Now, why is it that we believe that germs that we can't see can be out there, but we have this bias that says you can't have supernatural heavenly beings, spirit beings like angels when the Scripture texts are full of them? That's one of the things that I love about this story is the servant couldn't see what was really there until Elisha prayed and said, please, Lord, open his eyes. Let him see. Not let him see a hallucination. Not let him see a vision of what's not real.

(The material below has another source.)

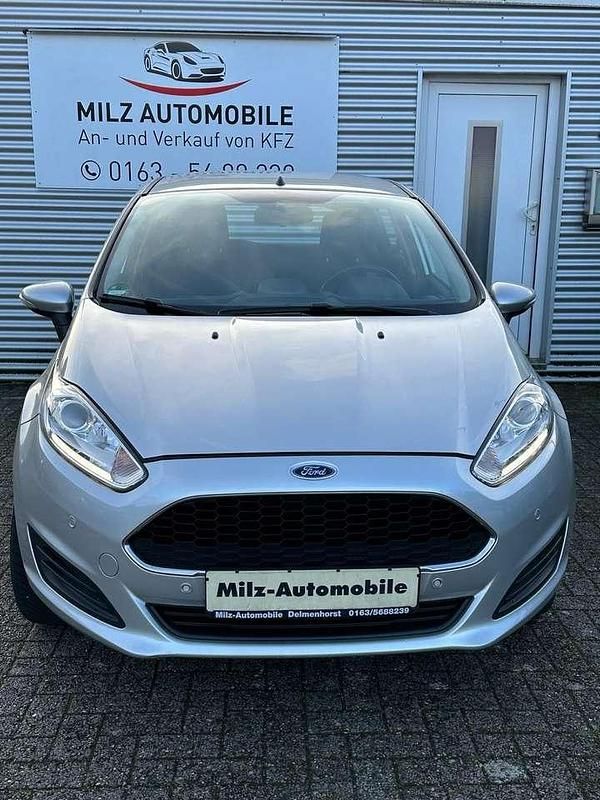 Polarsilber metallic Gebraucht 2017 Ford Fiesta Trend Kleinwagen | 6.390 € (Fairer Preis) - Bild 1/3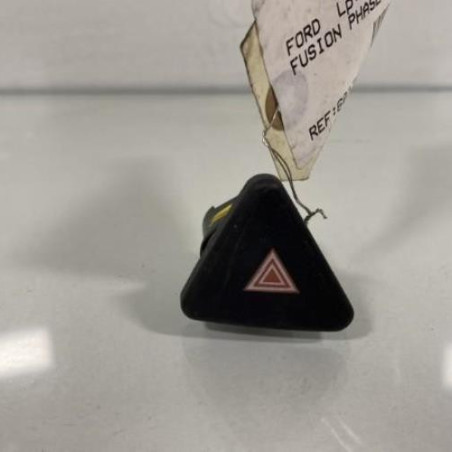 Bouton de warning FORD FUSION Photo n°1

Let him see what's really out there. And when he opened his eyes, the assembled host of angels was vastly superior in number and power to all of those chariots and armies of the king of Syria. And that's what God tells us is the world in which we live. You know, a similar incident that I think is revealing takes place in the New Testament. And it takes place, ironically, during the temptation of Jesus. Immediately after Jesus' baptism, the Spirit drives him into the Judean wilderness to be tempted of Satan. And you know that how Satan comes, and he suggests that maybe Jesus really isn't the Son of God, even though the last words that Jesus had heard in his ears before he goes into the wilderness was the pronouncement from heaven, this is my beloved Son in whom I am well pleased. And so Satan comes to him just like he came to Adam, you know, basically, did God say, you know, if you're the Son of God, you're hungry, turn these stones into bread. And that was the first temptation when Jesus responds by saying, man does not live by bread alone but by every word that proceeds from the mouth of God. I'm involved in a fast here.

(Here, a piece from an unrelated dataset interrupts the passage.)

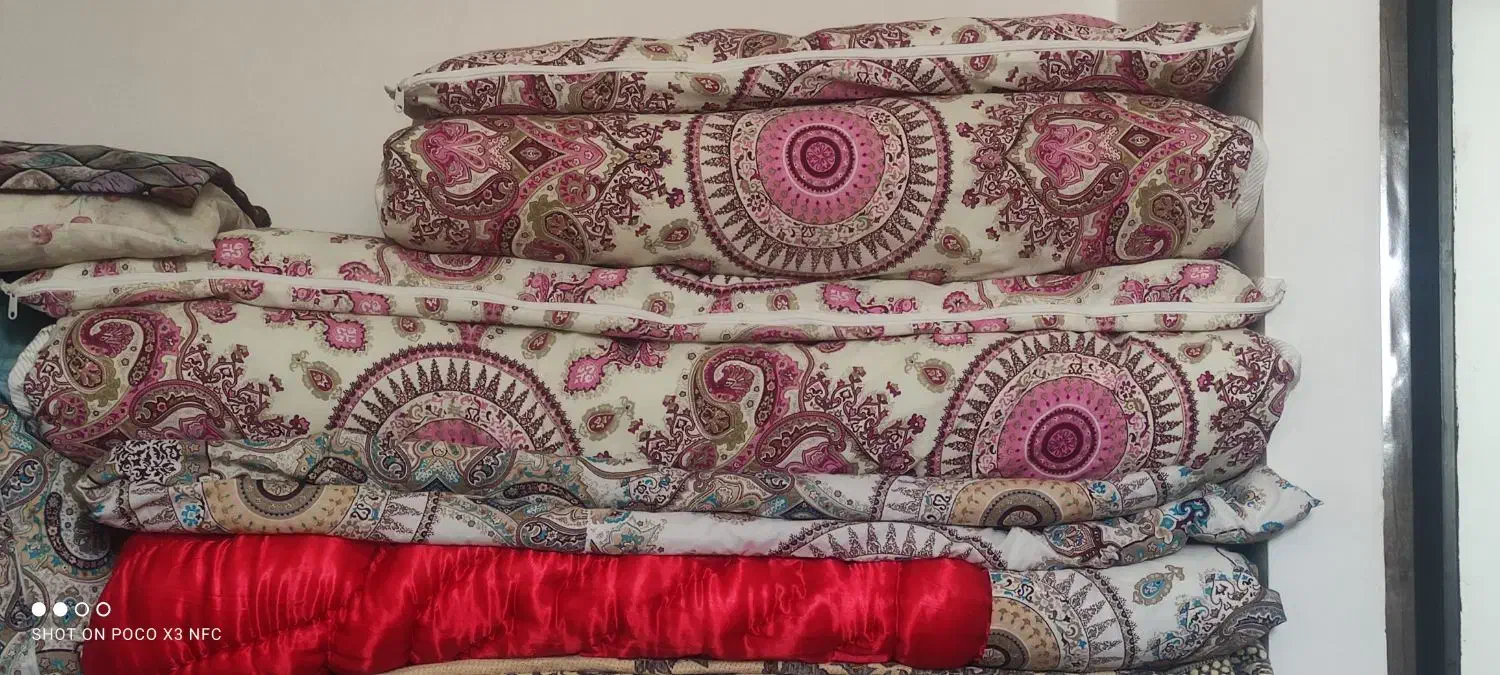 دو عدد تشک و یک لحاف|رختخواب، بالش، پتو|بیرجند, |دیوار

I'm involved in a test. I'm sorry, Mr. Satan, but I'm not going to turn those stones into bread. I can do it, but I don't have the permission of my Father to do it, so get away from me. And he quotes Scripture to Satan. Now Satan, in the midst of this temptation, starts to quote Scripture back to Jesus when he says, let me take you to the pinnacle of the temple and throw yourself down from the temple because the Scriptures say that God will give his angels charge over you lest you dash your foot against the stone. So let's see if it's true. Let's see if you really are the Son of God. Let's get up to the pinnacle of the temple and take a swan dive and see if the angels catch you. And Jesus had to correct the devil's hermeneutic and say, yeah, the Bible says that, but you have to interpret Scripture by Scripture, and you can't set up Scripture against Scripture because the Bible also says, thou shalt not tempt the Lord your God. So thank you very much.

I'm not going to do that. And so when the temptations are finished, we are told almost as a concluding unscientific footnote that after Satan departed from Jesus for a season, what's the very next thing that happened? The angels came and ministered to Jesus.

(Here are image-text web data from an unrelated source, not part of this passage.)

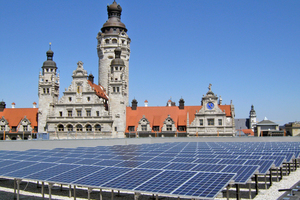 Photovoltaikmodule auf dem Dach der neuen Propsteikirche in Leipzig. Im Hintergrund sieht man das Rathaus Foto: Schulz & Schulz 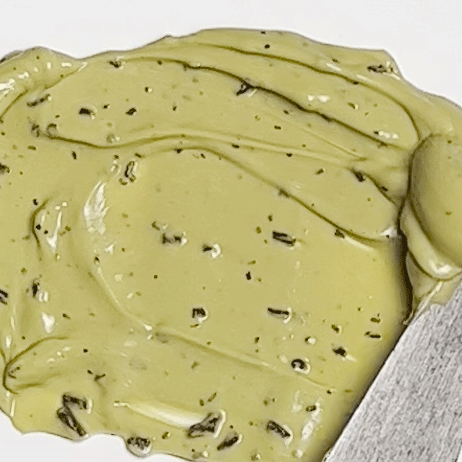 Maschera viso rassodante Golden matcha texture con pezzi di tè, purificante e illuminante con infuso di Tè Matcha e Curcuma, rimuove le impurità, illumina, tonifica e protegge la pelle dall’invecchiamento cellulare.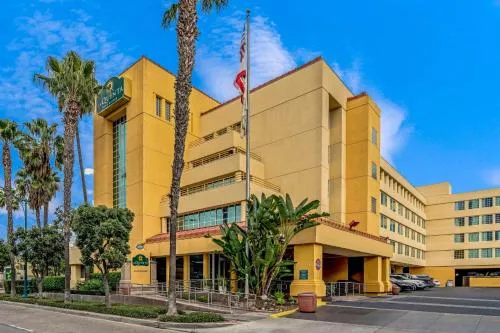La Quinta by Wyndham Anaheim in Costa Mesa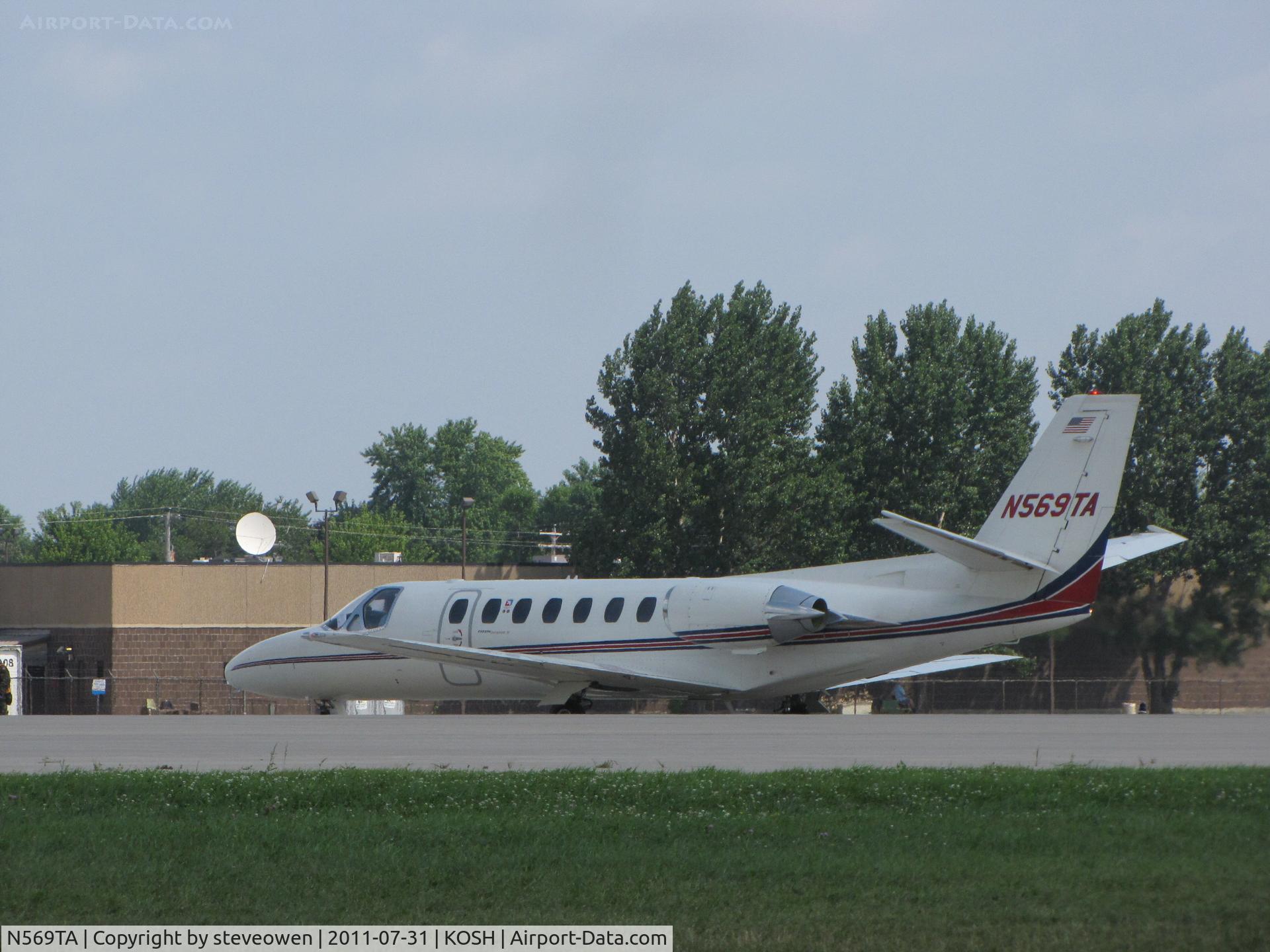 N569TA, 1989 Cessna 560 Citation V C/N 560-0006, Taxing back home after EAA2011.This A/C is based at Oshkosh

They were there all the time. Makes you wonder if He could see them like Elisha could. But God had given His angels charge over Him, and the angels came to Him in the midst of that crisis experience in His life. Immediately after the fallen angel departs, the heavenly hosts come, and they minister to Jesus. And it's significant that this host of angels attend Jesus again and again throughout His lifetime, not only at the announcement of His birth, which we will look at separately, but also at the time of His resurrection when the disciples come, and when the ladies come, there are the angels in the garden, one at the head, one at the foot, you know, saying, the one that you seek is not here. He's risen.

He's gone into Galilee before you. And the angels of God, who are performing the function of messengers, of course, at that point, at the same time, are sentinels in the tomb. They're guarding the body of Christ. Probably the most tender activity that the angels ever engaged in in all of redemptive history, because God had ordained that His Holy One would not suffer corruption. And so He appoints the angels to be at the tomb. The angels are the escorts of Christ when He ascends into heaven, when He goes to His enthronement for His coronation as the King of Kings.

He declares that when He returns, the end of the age, He will be accompanied by the heavenly host, that same heavenly host that were present in the fields of Bethlehem when Jesus was born in Bethlehem. Again, I have to say to you, I don't know how you are, but when I think of the events that transpired during the life of Jesus and then how the disciples, at least some of them, were eyewitnesses of almost every one of them, I ask myself, if I could have been an eyewitness of any event in the life of Jesus, what one would I choose? What one would I really like to have seen with my own eyes?

And that's really a hard one. I mean, obviously, I would just be delighted to witness a resurrection. Who wouldn't? That would be fantastic. But it's hard for me to choose between the resurrection and the transfiguration. To see that bursting forth of the glory of Christ through the veil of His humanity where His countenance was changed, that would have been incredible. And the disciples never did get over that.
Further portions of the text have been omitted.